We’ll be using MongoDB Atlas and Confluent Cloud in this example. Both services provide free trials and/or free plans making it easy for you to create accounts and follow along if you don’t already have one.

Once you’ve created a MongoDB Atlas account, you can create a free shared cluster. This will be enough for the purposes of testing out this application.

💡 Refer to the MongoDB Atlas documentation here to set up a free shared cluster.

Similarly, you can use the *basic *****Kafka plan on Confluent Cloud.

💡 Refer to Meroxa’s guide here to set up a Confluent Cloud account

Next, we’ll initialize the Data Stream Processing App via the Meroxa CLI. If you need to create an account on Meroxa, you can request a demo. Once you have created a Meroxa account and set up the Meroxa CLI you need to add your resources and initialize a Turbine Data Stream Processing App.

First, we will add the resources. Below, we are using the Meroxa CLI to add our MongoDB Atlas instance and Confluent Cloud instance. Alternatively, you can also do this via the Meroxa Dashboard.

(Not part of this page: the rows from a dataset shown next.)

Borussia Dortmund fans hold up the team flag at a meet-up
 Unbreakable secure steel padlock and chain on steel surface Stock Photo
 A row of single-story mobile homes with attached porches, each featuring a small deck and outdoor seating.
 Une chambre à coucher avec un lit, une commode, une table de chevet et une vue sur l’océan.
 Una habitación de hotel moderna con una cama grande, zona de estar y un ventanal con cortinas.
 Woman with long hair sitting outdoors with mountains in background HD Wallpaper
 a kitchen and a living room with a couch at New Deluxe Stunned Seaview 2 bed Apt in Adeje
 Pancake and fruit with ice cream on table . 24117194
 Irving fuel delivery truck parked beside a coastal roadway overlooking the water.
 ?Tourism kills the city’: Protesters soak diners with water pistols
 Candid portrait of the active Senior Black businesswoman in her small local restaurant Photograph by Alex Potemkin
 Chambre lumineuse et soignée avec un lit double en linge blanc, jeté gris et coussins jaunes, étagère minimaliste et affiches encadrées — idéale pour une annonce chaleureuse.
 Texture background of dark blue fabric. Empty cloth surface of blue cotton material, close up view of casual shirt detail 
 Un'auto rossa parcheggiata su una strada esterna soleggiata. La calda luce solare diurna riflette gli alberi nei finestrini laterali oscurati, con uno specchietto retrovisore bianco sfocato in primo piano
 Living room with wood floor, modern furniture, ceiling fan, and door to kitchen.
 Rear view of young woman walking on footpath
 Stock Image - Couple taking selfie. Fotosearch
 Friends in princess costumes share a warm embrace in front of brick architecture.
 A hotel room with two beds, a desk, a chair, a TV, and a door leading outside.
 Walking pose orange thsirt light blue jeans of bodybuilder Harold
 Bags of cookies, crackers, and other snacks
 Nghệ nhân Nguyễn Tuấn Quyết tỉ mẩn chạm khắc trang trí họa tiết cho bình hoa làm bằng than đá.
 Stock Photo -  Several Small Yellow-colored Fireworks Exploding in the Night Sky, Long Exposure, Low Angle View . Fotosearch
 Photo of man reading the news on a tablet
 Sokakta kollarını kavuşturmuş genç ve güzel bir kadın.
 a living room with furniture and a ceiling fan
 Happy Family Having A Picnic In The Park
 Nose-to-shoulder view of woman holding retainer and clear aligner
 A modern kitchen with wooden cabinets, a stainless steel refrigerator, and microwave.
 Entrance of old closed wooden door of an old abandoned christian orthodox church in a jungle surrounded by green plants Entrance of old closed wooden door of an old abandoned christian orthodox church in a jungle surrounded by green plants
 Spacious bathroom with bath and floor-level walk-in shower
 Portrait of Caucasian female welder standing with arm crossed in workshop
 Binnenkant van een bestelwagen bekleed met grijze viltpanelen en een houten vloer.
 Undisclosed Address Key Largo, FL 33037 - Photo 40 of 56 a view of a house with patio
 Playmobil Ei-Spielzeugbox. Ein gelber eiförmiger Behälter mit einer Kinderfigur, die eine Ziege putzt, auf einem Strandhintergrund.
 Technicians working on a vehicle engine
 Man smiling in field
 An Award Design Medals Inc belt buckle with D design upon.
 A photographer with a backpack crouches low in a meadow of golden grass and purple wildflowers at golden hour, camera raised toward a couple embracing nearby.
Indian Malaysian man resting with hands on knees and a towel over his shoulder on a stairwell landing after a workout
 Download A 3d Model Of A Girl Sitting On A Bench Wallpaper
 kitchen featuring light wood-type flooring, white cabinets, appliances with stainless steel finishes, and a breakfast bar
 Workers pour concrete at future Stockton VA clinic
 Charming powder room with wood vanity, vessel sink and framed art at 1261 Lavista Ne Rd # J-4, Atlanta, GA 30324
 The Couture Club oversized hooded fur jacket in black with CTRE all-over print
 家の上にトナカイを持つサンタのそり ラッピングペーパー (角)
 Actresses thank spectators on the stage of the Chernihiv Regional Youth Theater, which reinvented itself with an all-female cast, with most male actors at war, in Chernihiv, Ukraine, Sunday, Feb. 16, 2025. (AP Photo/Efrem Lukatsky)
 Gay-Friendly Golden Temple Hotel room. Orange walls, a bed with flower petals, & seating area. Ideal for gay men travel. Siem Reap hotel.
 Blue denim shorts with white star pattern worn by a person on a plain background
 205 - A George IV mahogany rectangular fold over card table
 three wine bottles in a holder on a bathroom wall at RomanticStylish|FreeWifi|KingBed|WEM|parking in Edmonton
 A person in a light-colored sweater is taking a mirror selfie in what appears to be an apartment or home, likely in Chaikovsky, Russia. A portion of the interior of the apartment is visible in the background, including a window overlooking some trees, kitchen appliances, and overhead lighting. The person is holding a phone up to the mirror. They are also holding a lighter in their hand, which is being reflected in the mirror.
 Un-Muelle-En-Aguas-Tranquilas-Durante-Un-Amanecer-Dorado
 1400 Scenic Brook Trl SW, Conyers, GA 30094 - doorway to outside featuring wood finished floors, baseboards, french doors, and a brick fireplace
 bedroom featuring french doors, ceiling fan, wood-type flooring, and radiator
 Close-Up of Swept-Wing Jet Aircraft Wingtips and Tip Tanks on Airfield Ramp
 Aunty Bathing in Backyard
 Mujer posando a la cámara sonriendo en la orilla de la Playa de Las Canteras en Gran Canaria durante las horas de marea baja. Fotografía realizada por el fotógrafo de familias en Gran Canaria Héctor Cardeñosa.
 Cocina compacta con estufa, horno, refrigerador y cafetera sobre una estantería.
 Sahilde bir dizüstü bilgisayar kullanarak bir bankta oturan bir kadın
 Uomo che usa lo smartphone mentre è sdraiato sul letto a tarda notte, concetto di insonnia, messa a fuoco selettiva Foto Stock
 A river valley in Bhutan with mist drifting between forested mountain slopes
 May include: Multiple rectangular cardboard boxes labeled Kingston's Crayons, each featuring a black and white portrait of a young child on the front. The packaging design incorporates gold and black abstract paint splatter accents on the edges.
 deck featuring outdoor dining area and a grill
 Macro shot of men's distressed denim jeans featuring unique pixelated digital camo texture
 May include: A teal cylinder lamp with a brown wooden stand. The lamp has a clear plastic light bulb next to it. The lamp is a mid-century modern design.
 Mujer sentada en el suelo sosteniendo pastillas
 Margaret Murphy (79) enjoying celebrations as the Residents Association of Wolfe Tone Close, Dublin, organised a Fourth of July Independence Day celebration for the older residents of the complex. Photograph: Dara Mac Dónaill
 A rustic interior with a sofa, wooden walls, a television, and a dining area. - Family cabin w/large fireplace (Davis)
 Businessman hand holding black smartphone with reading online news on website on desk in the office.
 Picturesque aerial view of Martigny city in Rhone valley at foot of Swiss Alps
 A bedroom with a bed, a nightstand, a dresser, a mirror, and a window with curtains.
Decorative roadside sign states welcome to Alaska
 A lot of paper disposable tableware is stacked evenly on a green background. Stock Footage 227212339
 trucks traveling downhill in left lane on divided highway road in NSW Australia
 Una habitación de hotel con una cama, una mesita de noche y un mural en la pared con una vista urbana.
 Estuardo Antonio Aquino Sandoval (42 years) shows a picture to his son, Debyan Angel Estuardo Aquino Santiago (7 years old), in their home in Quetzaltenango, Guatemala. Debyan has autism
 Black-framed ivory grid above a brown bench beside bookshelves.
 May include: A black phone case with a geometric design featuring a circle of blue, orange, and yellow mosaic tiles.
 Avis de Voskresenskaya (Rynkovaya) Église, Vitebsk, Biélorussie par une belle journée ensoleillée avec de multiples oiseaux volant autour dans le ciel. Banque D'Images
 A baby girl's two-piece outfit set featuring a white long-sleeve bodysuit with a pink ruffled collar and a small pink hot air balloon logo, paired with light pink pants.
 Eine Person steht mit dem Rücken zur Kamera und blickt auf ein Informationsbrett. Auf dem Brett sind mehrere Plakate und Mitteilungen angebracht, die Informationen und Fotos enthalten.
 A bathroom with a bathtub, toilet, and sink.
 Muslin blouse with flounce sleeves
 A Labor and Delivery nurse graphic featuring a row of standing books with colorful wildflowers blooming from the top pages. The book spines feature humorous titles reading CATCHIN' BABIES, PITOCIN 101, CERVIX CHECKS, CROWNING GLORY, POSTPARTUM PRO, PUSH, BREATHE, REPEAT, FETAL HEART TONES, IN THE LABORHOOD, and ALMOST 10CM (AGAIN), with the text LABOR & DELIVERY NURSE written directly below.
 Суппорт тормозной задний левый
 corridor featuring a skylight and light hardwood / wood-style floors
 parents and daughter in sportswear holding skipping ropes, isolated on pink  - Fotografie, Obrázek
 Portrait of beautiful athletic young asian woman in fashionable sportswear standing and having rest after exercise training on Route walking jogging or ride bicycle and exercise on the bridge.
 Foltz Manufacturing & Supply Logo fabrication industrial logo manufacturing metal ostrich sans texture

$ meroxa resource create mdb \\
  --type mongodb \\
  --url "mongodb://$MONGO_USER:$MONGO_PASS@$MONGO_URL:$MONGO_PORT"
$ meroxa resource create cck \\
  --type confluentcloud \\
  --url "kafka+sasl+ssl://$API_KEY:$API_SECRET@$BOOTSTRAP_SERVER?sasl_mechanism=plain" \\

Then, we create a new Turbine App project (in Go) in the directory marketplace-notifier.

$ meroxa apps init --lang go marketplace-notifier  

💡 If you prefer to use another language, Meroxa also supports Javascript, Python, and Ruby with support for many more languages coming!

Now we’re all set to start implementing our Data Stream Processing App.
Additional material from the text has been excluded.